On termine le concert sur une brochette explosive : « Unfuck The World » et « How I Could Just Kill A Man ». Ce dernier étant un célèbre titre du premier album de Cypress Hill (1991) repris des années plus tard par RATM, il marque à la fois l’amitié liant ces deux formations depuis bien des années mais également l’influence qu’a pu exercer la première sur la seconde. Et pour achever les Parisiens, on ne pouvait pas passer à côté de deux incontournables, mainte fois repris par d’autres artistes : il est en effet probable que les habitués des concerts aient vu ces titres joués par Parkway Drive, Le Bal des Enragés, etc. « Bulls On Parade » et « Killing In The Name » sont donc les clous du spectacle. L’équipe de sécurité est déjà bien occupée par les slammeurs mais ils n’auront rien vu pour ces titres, climax du concert, où l’excitation sera à son apogée.

Brad Wilk

Que ce soit pour des convictions politiques ou non, on espère que Prophets Of Rage restera un moment dans le secteur des festivals et reviendra en salle. Car ce mélange entre hip-hop et rock, avec tous ces hits que tout le monde connait par cœur, est une solution assurée pour faire passer un moment fédérateur et plein de bonne humeur. Peu importe la génération, tout le monde peut passer une excellente soirée devant le groupe en salle pour décompresser ou dans une fête générale en festival. On ne connait pas la suite du programme pour ce super-groupe (un deuxième album ?) mais, en attendant, ils peuvent compter sur nous pour garder la rage jusqu’au prochain rendez-vous.
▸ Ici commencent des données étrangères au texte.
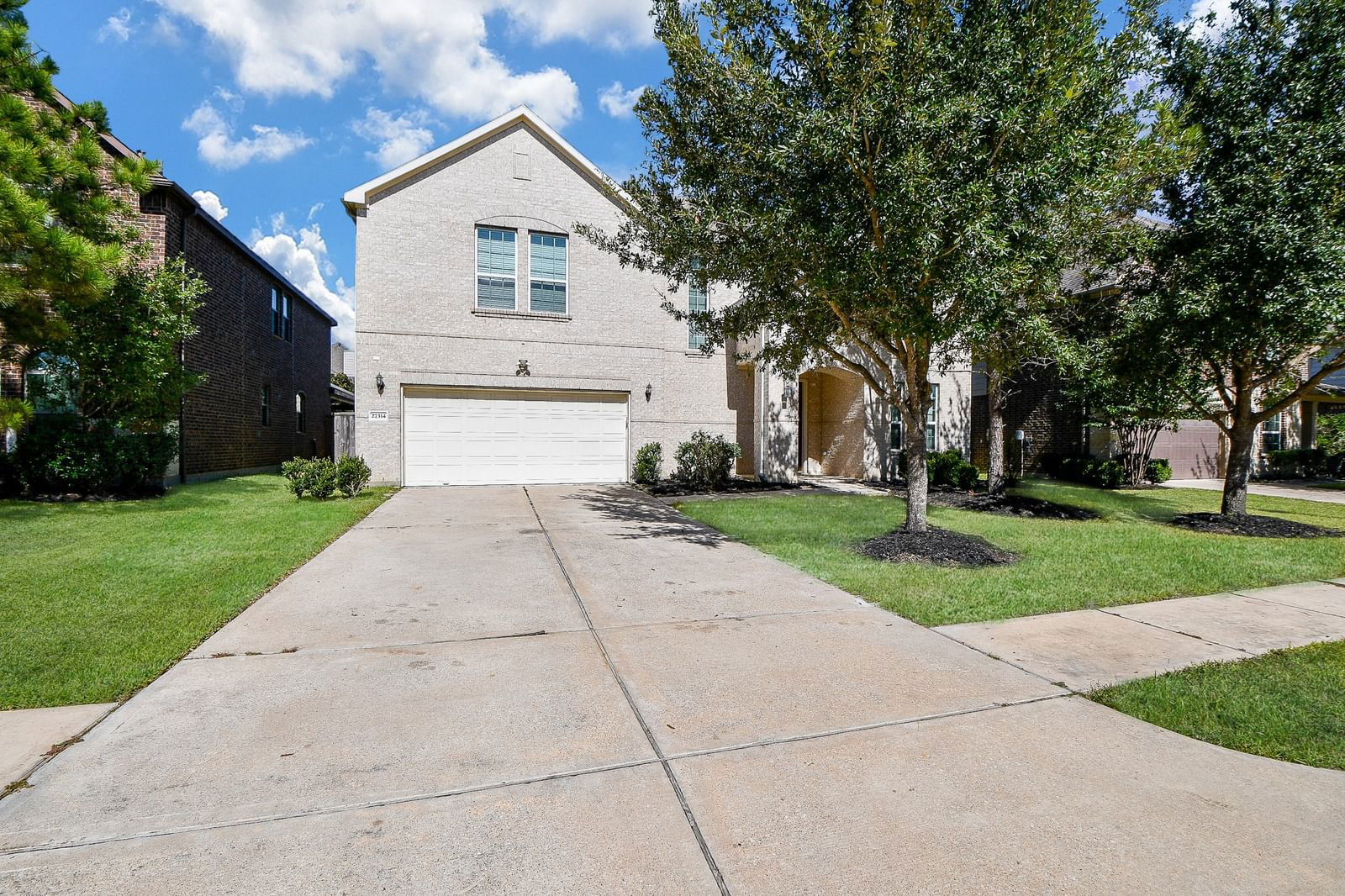 Real estate property located at 27314 Lynwood Park, Fort Bend, Canyon Lakes At Cardiff Ranch Sec 5, Katy, TX, US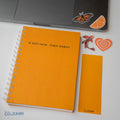 If not now then when? notebook package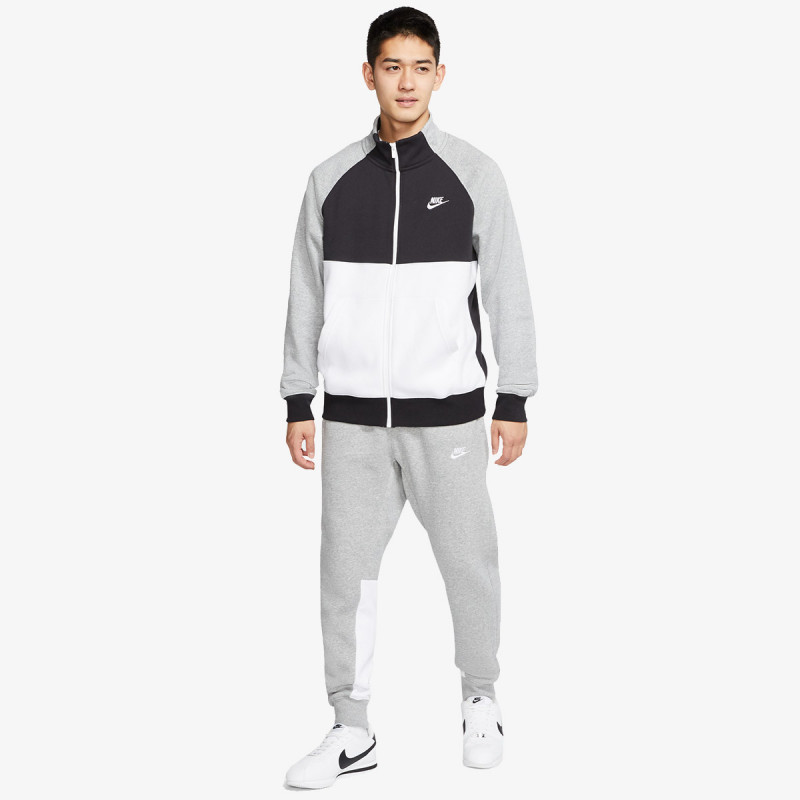 Nike M NSW CE TRK SUIT FLC 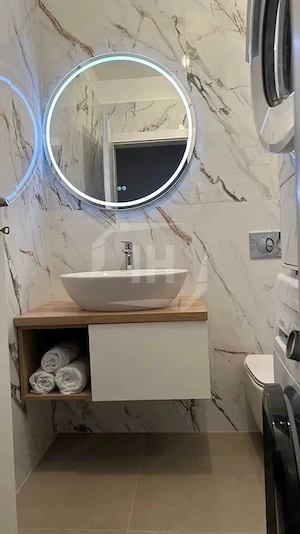 Apartament 3 camere, etaj intermediar, Zorilor - imagine 3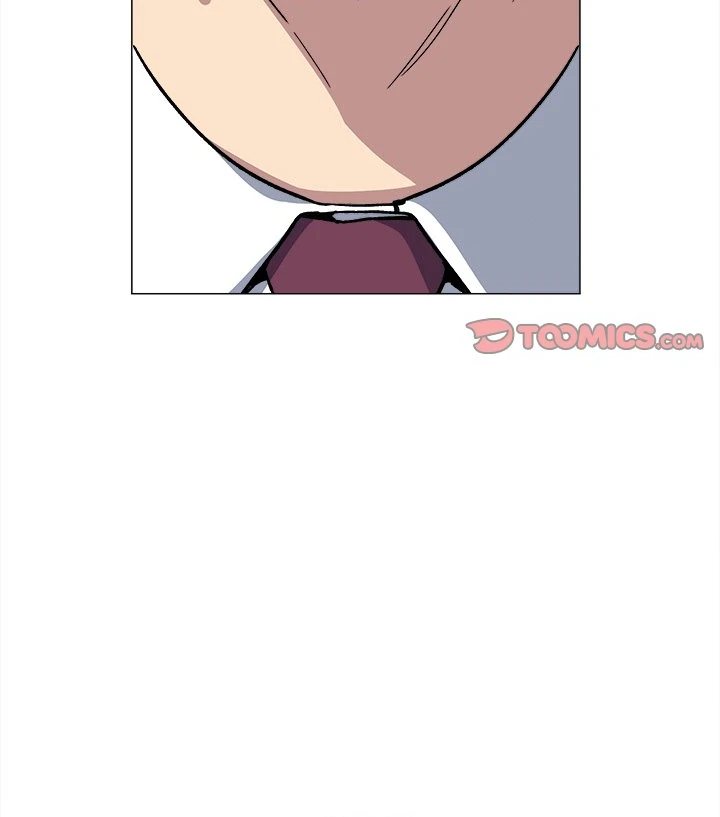 Stop Smoking chapter 39 page 132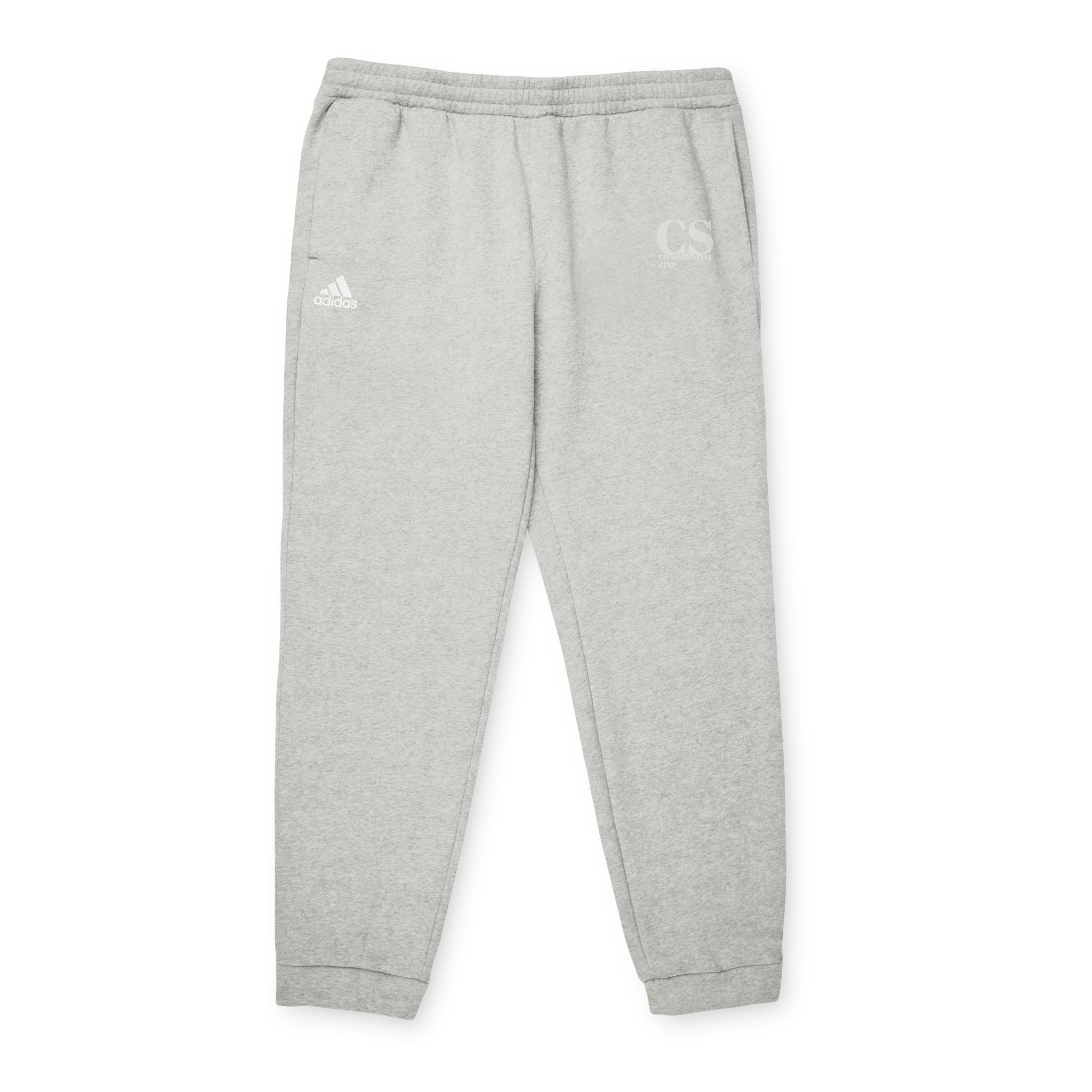 Unisex Fleece Joggers, Cozy Athleisure Pants, Comfortable Lounge Wear, Sweatpants for Gym, Casual Everyday Joggers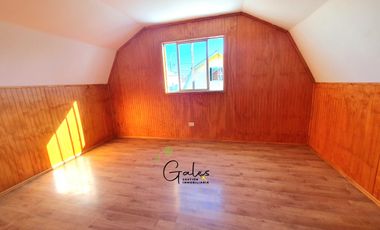 Casa en venta  en VILCÚN
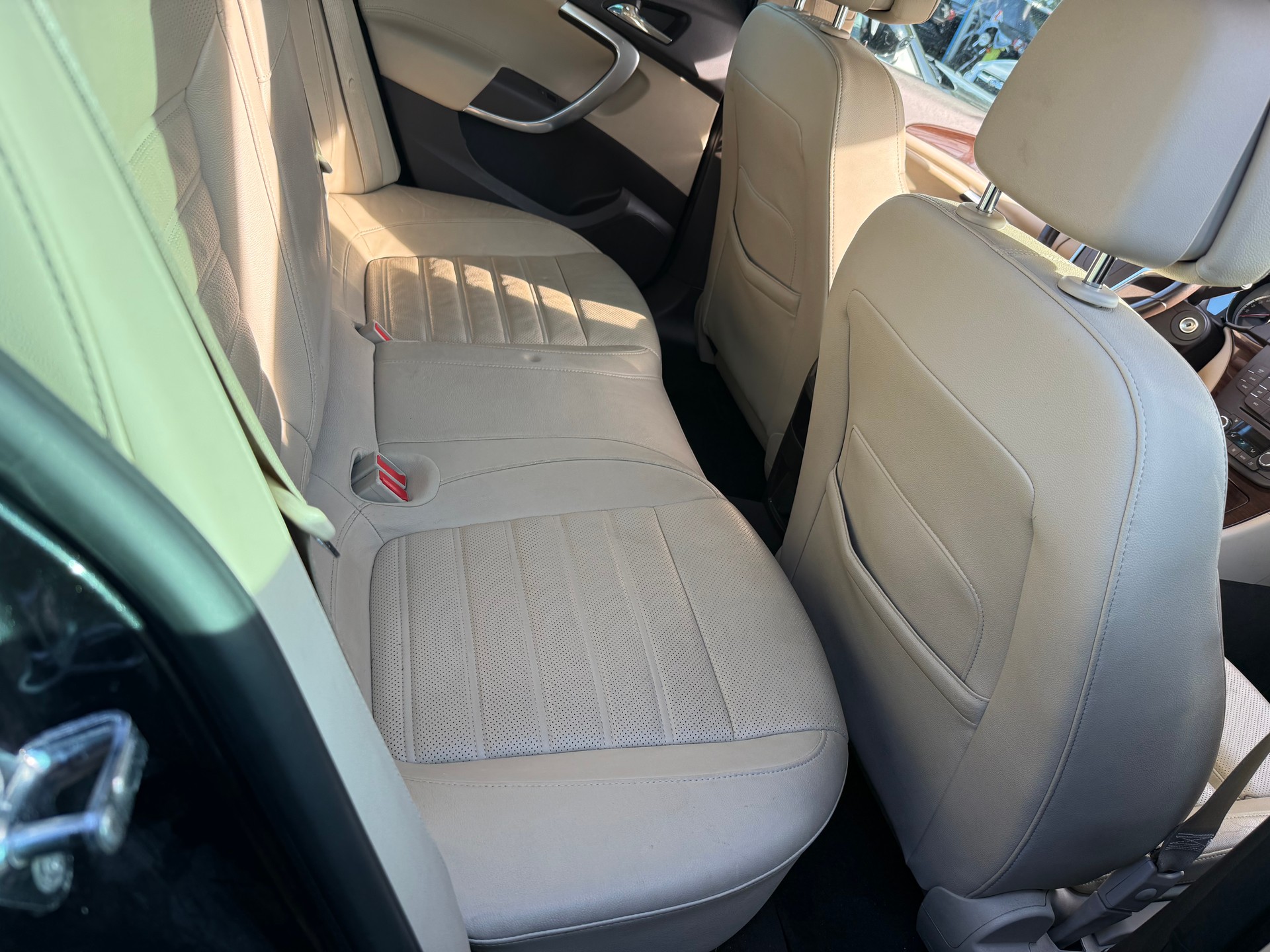OPEL Insignia ST 2.0 CDTI Sport 4WD Aut.-image-7
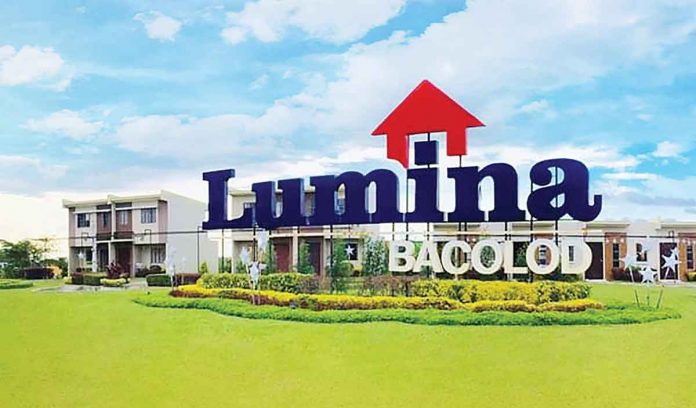 lumina-bacolod Lumina Bacolod – Lumina Homes’ first project in Negros Island – Is located in Barangay Vista Alegre, Bacolod City.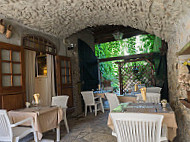 Auberge De Lagernate food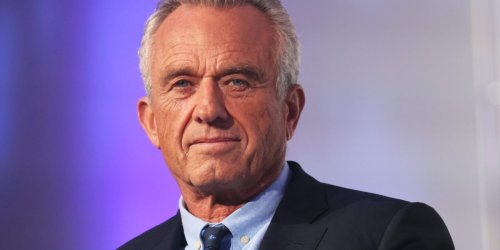 RFK Jr. announces plans to cut 10,000 jobs from from U.S. health agencies. ‘We’re going to do more with less’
Setlist Prophets Of Rage :

Prophets Of Rage
Testify (reprise de Rage Against The Machine)
Take The Power Back (reprise de Rage Against The Machine)
Guerilla Radio (reprise de Rage Against The Machine)
Living On The 110
Hail To The Chief
Bombtrack (reprise de Rage Against The Machine)
Fight The Power (reprise de Public Ennemy)
Hand On The Pump (reprise de Cypress Hill)
Can’t Truss It (reprise de Public Ennemy)
Insane In The Brain (reprise de Cypress Hill)
Bring The Noise (reprise de Public Ennemy)
I Ain’t Goin’ Out Like That (reprise de Cypress Hill)
Welcome To The Terrordome (reprise de Public Ennemy)
Jump Around (reprise de House of Pain)
Sleep Now In The Fire (reprise de Rage Against The Machine)
Like A Stone (reprise de Audioslave)
V.H.
Know Your Enemy (reprise de Rage Against The Machine)
Bullet In The Head (reprise de Rage Against The Machine)
Legalize Me
Unfuck The World
How I Could Just Kill A Man (reprise de Cypress Hill)
Bulls On Parade (reprise de Rage Against The Machine)
Killing In The Name (reprise de Rage Against The Machine)

Report et photos : Matthis Van der meulen



Laisser un commentaire

  • Je vous trouve un peu dur avec Nova Twins, que j’ai trouvé largement mieux que DJ Lord en terme d’ambiance.
    Parce que ses 20 minutes de mix (et pas 10 comme vous l’avez dit) c’est long et je trouve que ça a plus refroidi l’ambiance qu’autre chose à part sur les chanson de MJ ou Metallica !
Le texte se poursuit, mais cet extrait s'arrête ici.